One good thing comes out of laundry day, though. Sure, having clean clothes is always nice. I’m not gonna argue with you there. To be honest, Laundry day was late this time around thanks to the writing bender at the start of the week. That’s okay, though. When your writing like that, in all honesty, your in your PJ’s for a couple of days, so your buying yourself some time. Of course, if you make a snack run or a coffee run, you end up in the Starbucks in your PJs, but that’s the price you pay. This time, that wasn’t a consideration. I was hunkered down, with a full run of supplies. (Which reminds me of a bartender in Chicago who used to come in for his day shift, ’cause he would work the night before on the door until 5 or 6 in the morning then open at noon, in his PJ’s, every saturday. It became his signature after awhile.) Anyways, this has been a looong tangent to get to the one good thing that comes from laundry day and that’s fresh sheets, just washed. Sure you’ve got the back-up sets in the linen closet and all that jazz, but there’s something truly special about sheets that have just been washed that day. I don’t know what it is, but it’s magical. Always a better night of sleep. When Nikki and I were still together at the Winchester apartment in Chicago, there were four apartments and we shared a washer/dryer in the hallway, so it was almost like you had a washer/dryer. Always the night before a birthday, or Christmas, or Thanksgiving, one of us would make sure to wash the sheets and all that. It was always a small little thing to do on the night before a birthday for your significant other, or to both do before a holiday. Tonight, I will have laundry day sheets and, actually, when I turn out the lights and am drifting off to sleep it will make the day’s effort all worthwhile.
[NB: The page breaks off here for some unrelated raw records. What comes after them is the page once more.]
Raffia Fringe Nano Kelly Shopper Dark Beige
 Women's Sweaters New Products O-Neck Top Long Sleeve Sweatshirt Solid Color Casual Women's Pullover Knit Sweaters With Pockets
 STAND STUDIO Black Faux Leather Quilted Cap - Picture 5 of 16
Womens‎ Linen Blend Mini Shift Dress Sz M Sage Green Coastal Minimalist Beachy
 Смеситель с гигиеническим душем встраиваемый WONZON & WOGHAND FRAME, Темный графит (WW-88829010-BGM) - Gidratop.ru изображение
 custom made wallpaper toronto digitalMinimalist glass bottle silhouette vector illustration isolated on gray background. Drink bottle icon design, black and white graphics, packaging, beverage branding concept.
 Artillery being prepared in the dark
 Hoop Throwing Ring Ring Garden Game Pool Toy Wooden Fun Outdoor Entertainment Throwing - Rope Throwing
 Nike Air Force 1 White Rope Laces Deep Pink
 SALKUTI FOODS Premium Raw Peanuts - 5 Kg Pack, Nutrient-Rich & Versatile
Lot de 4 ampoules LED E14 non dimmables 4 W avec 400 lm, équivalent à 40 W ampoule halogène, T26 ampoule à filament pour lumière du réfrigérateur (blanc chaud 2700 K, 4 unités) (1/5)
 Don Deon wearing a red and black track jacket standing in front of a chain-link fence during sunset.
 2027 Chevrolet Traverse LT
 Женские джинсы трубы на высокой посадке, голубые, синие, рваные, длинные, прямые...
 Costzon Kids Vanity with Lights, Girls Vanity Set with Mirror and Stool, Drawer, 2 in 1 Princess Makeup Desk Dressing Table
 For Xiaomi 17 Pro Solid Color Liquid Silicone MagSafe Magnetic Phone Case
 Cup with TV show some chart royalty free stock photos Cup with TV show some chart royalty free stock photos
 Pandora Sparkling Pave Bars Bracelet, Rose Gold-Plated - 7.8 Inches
Posted on May 23rd, 2010 by doc  |  5 Comments »

Friday Night Randoms, 5.10.21

Kind of a lost day, today, but I mean that in a good way. I told myself I was going to tackle some basic chores around the house – cleaning and laundry chief among them, some grocery shopping would’ve been good. But, I arose a little later than I thought I would and was slow out of the gate, got wrapped up in email correspondence and just, kind of, let the day go. These days happen. Usually after power sessions like the one earlier in the week. So, I’m not too concerned. All right, enough rambling about the non-state of my day, let’s get down to it!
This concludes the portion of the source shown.